I wrote this background story about Foster for the Wattpad Block Party this past summer, and I thought I'd share it with you right here in case you missed it. With Foster's new confusing reappearance into the story, I thought this would be a good time to post this!

Now, without further ado, ENJOY SOME GOOD, OLD-FASHIONED FOSTER FARRAND:

Before I joined the Famoux, I was colorless person. Scott Fare was a kid who wore strict basics: greys, whites, beiges. Colors are supposed to be expressive, vivid. Poor little Scott didn't see himself as either of those adjectives.

    Or maybe he just didn't want to.

    Let's just say that colors never exactly improved my pre-Famoux life any––not the darks, nor the brights. We give them designations, and I never seemed to mesh well with them. The loud mustard shade my mom picked for the walls in the kitchen were supposed to be happy, but didn't deflect punches any better than the mint ones at the old house. The navy blazer I wore to school was supposed to be intelligent, but it didn't look good with my pit stains on humid days. And the pink balloons . . . oh, the bright magenta balloons tied to every chair at Neena Rae's ninth birthday party were supposed to be cute and girly. They bothered me to no end, absolutely no end, perhaps because I wanted some for my party. I liked them. And when I told my at-the-time best friend Carter that, he quickly became my that-time-has-passed best friend, and we never spoke again.

    "You like pink?" he'd asked. "That's a girl color."

    I tugged at the edge of my t-shirt, feeling frustrated. "But I don't like blue as much. Why do only girls get to like a certain color?"

    "Because it's girly."

    "Then I'm girly," I told him. And as I said that, I distinctly recall wondering to myself if there was some sort of alternate word to describe it––a word that didn't exclude boys from it so much. We'd been learning in school about freedom, and how Eldae is the only country in Delicatum where everything––everything––is legal. Why wasn't I free to like the color pink without having to be a girl?

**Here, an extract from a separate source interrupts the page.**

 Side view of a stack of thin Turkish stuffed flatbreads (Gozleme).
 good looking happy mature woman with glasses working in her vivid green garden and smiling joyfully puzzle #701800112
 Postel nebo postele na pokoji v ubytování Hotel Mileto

    But as it turned out, I needed not wonder about the word any longer. Carter gave me his best (and not to mention the fucking worst) alternative for girly:

    "Then you're gay."

    He said this with such horror, as if instead of telling him I liked the color pink I'd told him I liked feeding dogs peanut butter treats mixed with rat poison. Looking at it now, maybe he was the dog, and this knowledge about the pink and me was his lethal treat.

    Either way, he was dead to me afterward.

    After that I became colorless. If it's possible to end friendships over them, or designate them to specific genders so passionately and firmly, I didn't want to pick a favorite. That's bullshit. So I wore my beige pants, shut up around all of Carter's Eldae-style carbon copies at school, did nothing to provoke them when they passed me their pink slips defaced with drawings of explicit boy parts, and made it through the day with flying colorless colors.

    Carter and I were at odds for the rest of time. We were different on all fronts he cared about: We looked different. We loved different. He ended up ditching me for the kid with rich parents and a big house named Lee Finnegan.

    Lee Finnegan's favorite color was yellow. Carter liked yellow––yellow was okay for a boy to like. And in Carter's eyes, he and Lee Finnegan were similar on all fronts. After all, they looked the same.